## Data for the task
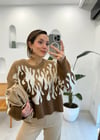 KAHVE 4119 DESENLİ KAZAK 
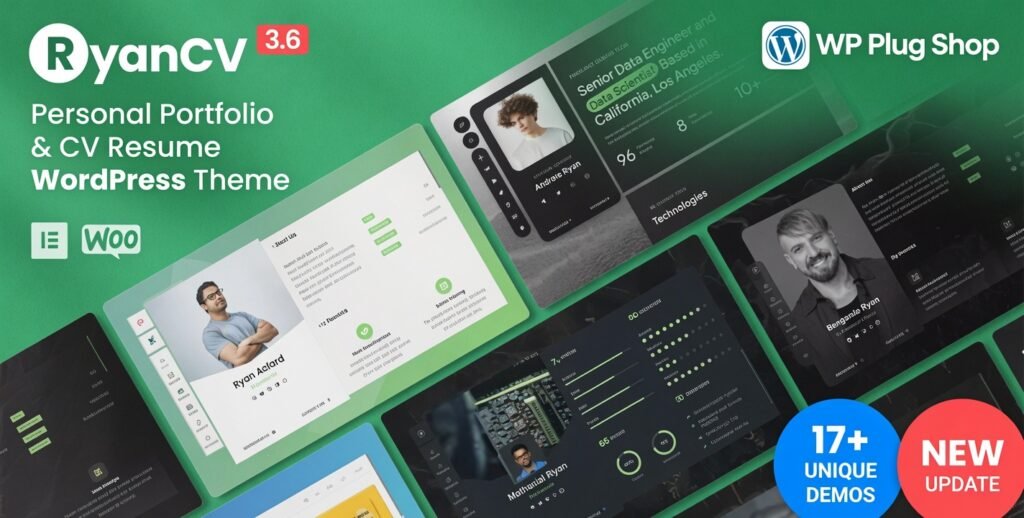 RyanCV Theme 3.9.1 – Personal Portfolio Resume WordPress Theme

==

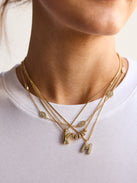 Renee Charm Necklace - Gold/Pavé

---

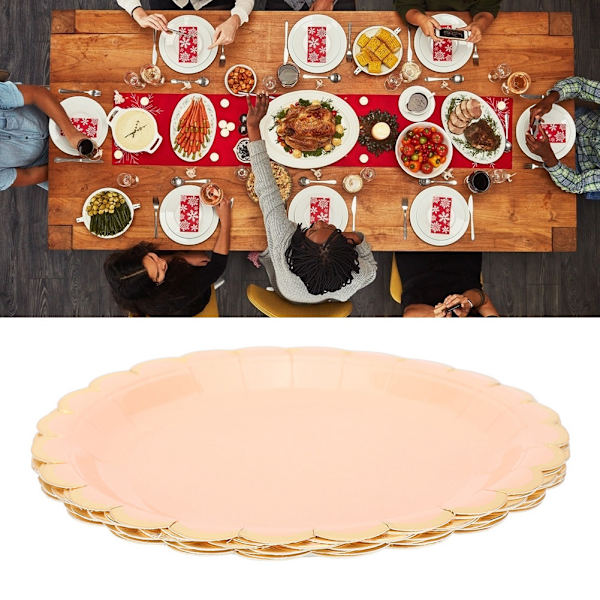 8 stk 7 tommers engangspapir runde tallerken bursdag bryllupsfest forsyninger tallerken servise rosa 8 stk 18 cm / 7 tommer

## What you will do
Using the data above, transcribe exactly the lines between those containing "KAHVE 4119 DESENLİ KAZAK" and "RyanCV Theme 3.9.1", inclusive, and leave every picture behind.

## Response to this exercise
 KAHVE 4119 DESENLİ KAZAK 
 RyanCV Theme 3.9.1 – Personal Portfolio Resume WordPress Theme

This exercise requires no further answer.